Something is stirring down in the Valleys

20 July 2000
Something is stirring down in the Valleys

Last week a low-key but meaningful event was staged in the shadow of a disused coal mine. North of fashionable Cardiff, deep in the Rhondda, where rich coal seams once formed the basis for one of Europe's most intensely industrial regions, a new world was demonstrated. The proprietors of an independent three-star hotel helped launch a CD-Rom training package for use in schools and catering colleges.
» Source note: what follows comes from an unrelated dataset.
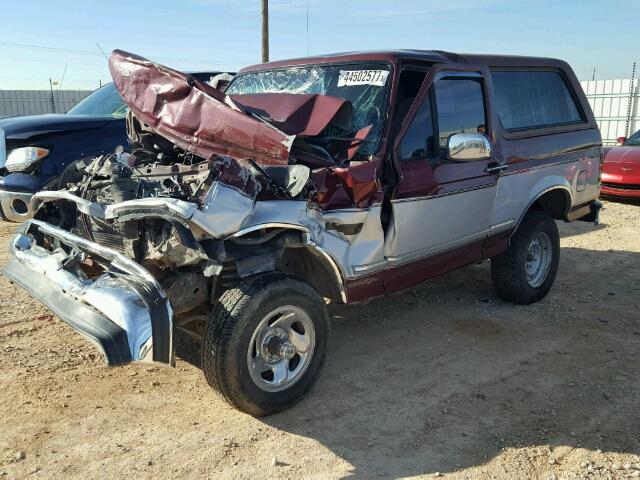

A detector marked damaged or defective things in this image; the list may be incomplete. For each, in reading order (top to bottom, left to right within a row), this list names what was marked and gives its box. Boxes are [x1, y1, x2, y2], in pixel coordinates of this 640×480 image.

crushed hood [107, 49, 352, 165]
crumpled front end [1, 219, 172, 366]
wrecked maroon suv [0, 49, 604, 416]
On the surface and in the wider context of hospitality worldwide, this may not sound like an earth-shattering event. About 60 people - some of them wearing chains of civic office, some of them teachers and educationalists, some of them from the world of business; but all of them somehow intrinsically linked to the local community - gathered for a few speeches and a look at modern teaching.

It may not sound like the stuff of revolution, but the bare essentials of the story fail to convey the true significance of what is happening down in the Rhondda.

Since mining disappeared from the Welsh hinterland, heavy manufacturing has been replaced by lighter industry, by hi-tech companies and by tourism. There remains, however, a deep-rooted but misguided suspicion among many families that work that doesn't demand hours of back-breaking physical labour is not work at all. And service work, in particular, is not service but servile. This is a common problem, but it is exacerbated here by a local culture that makes it hard to attract youngsters into hospitality.

So what are hotel proprietors supposed to do to recruit staff? Well, if you're Peter and Gillian Hands of the Heritage Park hotel in Pontypridd, you talk to local schools and colleges; you invite a group of teachers and lecturers to spend a week looking round your hotel; and you help them develop a newfangled learning appliance called a CD-Rom. You pack it with information about your establishment, you make it relevant to existing GCSE and GNVQ courses and you take it to market as a national training aid.

There are two reasons why this is so significant. First, it represents hospitality's ability to adapt to the change that has taken place in the economy over the past 20 years - a change that has seen catering and hospitality replace manufacturing as one of the UK's prime generators of income. Not only that, but it also proves hospitality's ability to compete in the new environment with modern technology.

Second, it demonstrates the growing willingness of individual operators to get involved in education, not for short-term gain but for the greater good of the whole industry. As regular readers will be aware, this column has long identified industry-education liaison as the only way forward for catering colleges. Here in the Rhondda, it's working.

Take note of what's happening in the Valleys. It's a stirring that should find favour in the land beyond the Welsh dragon.